The thing is, the community cares about Slashdot. We come here because we care. We submit stories because of that, we vote because of that, we moderate because of that, and we comment because of that. At the same time we realize that without the community Slashdot loses most of its value. We respect that we don't host the servers, backup the databases, or patch the servers. Slashdot/Dice provide the services needed for Slashdot.
It's a give give relationship, and we each get something in return. Slashdot gets tons of Search hits and lots of web traffic. We get a place to learn, teach, and occasionally vent.
Look, if you want to change default color scheme or make pre-made palettes for us to choose from, we would probably be okay with that. If you want to take away our ability to block ads by Karma, or move the ads to the left side of my browser window, I would be okay with those things too.
If you want to make drastic changes to how the site works, this is a different story all together. The reason so many are against Beta is that it breaks some of the fundamental parts of what makes Slashdot work.

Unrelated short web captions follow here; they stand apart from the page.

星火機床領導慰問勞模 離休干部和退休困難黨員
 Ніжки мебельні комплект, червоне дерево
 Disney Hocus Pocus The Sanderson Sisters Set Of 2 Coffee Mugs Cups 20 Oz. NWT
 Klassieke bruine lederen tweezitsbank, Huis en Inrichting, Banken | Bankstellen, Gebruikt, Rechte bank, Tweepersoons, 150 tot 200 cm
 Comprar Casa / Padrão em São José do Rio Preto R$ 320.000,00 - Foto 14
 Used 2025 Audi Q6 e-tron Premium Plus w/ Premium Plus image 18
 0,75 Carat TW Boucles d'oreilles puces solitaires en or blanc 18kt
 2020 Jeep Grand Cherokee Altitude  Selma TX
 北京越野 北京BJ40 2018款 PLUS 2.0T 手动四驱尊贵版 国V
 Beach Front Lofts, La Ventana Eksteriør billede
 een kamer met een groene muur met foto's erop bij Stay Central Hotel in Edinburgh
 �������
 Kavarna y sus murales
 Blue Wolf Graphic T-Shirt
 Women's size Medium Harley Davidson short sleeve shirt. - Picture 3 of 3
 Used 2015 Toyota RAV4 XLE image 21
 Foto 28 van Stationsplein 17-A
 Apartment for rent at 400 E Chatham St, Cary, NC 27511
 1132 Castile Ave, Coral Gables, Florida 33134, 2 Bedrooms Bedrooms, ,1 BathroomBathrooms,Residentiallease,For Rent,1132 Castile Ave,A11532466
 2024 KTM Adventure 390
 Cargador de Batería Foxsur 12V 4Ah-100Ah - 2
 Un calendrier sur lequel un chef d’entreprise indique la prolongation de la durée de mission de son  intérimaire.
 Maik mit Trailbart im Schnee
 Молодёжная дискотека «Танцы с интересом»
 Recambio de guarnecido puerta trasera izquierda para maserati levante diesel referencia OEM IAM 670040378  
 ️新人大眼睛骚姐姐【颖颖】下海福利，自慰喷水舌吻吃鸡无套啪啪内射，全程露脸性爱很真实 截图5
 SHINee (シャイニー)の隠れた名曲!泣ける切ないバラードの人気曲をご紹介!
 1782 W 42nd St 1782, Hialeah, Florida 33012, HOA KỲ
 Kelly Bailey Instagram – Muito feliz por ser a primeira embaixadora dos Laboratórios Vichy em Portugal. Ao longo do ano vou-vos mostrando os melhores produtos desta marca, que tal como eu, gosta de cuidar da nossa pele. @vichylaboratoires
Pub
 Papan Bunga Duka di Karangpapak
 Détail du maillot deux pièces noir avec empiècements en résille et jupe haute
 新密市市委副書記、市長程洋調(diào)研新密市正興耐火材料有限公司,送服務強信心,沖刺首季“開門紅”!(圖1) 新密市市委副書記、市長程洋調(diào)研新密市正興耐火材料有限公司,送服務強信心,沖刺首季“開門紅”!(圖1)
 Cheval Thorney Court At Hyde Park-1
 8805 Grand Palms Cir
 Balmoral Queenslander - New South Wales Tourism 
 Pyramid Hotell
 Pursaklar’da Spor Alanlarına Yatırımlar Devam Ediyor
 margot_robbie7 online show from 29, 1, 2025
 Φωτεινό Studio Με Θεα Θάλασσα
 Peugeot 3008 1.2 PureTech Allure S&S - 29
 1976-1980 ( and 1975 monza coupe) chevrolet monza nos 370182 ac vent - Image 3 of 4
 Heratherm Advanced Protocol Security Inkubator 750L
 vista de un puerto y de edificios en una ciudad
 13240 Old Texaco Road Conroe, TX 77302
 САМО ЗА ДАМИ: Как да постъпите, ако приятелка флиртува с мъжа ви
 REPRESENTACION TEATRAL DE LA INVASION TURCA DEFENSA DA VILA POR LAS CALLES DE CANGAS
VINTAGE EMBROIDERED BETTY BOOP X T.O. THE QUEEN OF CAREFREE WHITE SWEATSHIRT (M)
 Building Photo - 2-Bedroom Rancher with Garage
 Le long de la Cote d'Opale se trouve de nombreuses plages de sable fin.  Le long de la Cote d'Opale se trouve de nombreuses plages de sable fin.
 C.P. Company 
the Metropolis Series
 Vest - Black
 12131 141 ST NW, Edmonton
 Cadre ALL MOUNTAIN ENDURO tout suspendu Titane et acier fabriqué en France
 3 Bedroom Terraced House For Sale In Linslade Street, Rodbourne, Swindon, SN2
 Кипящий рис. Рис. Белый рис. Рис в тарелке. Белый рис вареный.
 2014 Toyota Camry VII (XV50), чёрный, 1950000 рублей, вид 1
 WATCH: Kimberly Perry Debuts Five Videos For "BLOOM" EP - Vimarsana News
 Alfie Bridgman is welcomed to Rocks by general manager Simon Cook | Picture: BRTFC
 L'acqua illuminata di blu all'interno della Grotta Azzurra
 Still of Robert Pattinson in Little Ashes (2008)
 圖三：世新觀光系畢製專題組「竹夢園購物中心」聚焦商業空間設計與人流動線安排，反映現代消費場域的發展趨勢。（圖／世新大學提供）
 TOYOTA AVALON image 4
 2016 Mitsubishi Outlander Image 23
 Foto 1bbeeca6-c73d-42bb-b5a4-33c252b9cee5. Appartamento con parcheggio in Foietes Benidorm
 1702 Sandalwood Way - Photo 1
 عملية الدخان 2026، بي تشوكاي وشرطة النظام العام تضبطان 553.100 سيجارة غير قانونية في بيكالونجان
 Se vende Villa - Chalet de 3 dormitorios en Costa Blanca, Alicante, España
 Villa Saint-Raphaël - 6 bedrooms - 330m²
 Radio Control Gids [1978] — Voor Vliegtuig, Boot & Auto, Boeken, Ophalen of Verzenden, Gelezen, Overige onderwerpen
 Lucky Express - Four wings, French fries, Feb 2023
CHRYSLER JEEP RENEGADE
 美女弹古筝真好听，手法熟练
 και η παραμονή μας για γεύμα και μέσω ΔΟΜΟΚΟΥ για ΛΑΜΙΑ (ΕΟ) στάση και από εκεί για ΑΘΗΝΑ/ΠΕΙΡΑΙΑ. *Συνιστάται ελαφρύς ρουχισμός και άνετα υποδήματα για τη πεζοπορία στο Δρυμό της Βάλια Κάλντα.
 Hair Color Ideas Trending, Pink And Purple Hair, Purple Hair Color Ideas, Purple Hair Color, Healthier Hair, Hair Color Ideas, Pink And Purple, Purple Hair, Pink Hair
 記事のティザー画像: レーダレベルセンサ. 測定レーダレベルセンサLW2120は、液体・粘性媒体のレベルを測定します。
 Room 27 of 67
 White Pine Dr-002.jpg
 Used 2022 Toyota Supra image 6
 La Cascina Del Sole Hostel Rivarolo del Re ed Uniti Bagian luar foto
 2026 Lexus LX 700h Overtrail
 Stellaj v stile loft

User input until recently has not been acknowledged. The acknowledgment we have received is not from the people that are making the decision to push Beta live. We told people Beta was broken, what it lacked, and we were rather surprised to get a warning that Beta would be live despite what we told people. People are already making plans to leave, which means that Slashdot could fade away very soon.
Whether this was the goal for Dice or not remains to be seen. If it is, it's been nice knowing you but I won't be back. A partnership only works when there is mutual respect between the parties. A word of caution, us Nerds have good memories and lots of knowledge. The loss of Slashdot impacts all of Dice holdings, not just Slashdot. I boycott everything a company holds, not just the product group that did me wrong.
If that was not the goal of Dice, you should quickly begin communicating with the user base. What are the plans are to fix what Beta has broken? Why is Beta being pushed live with things broken? A "Sorry we have not been communicating!", and perhaps even a "Thank you" to the user base for helping make Slashdot a success for so many years."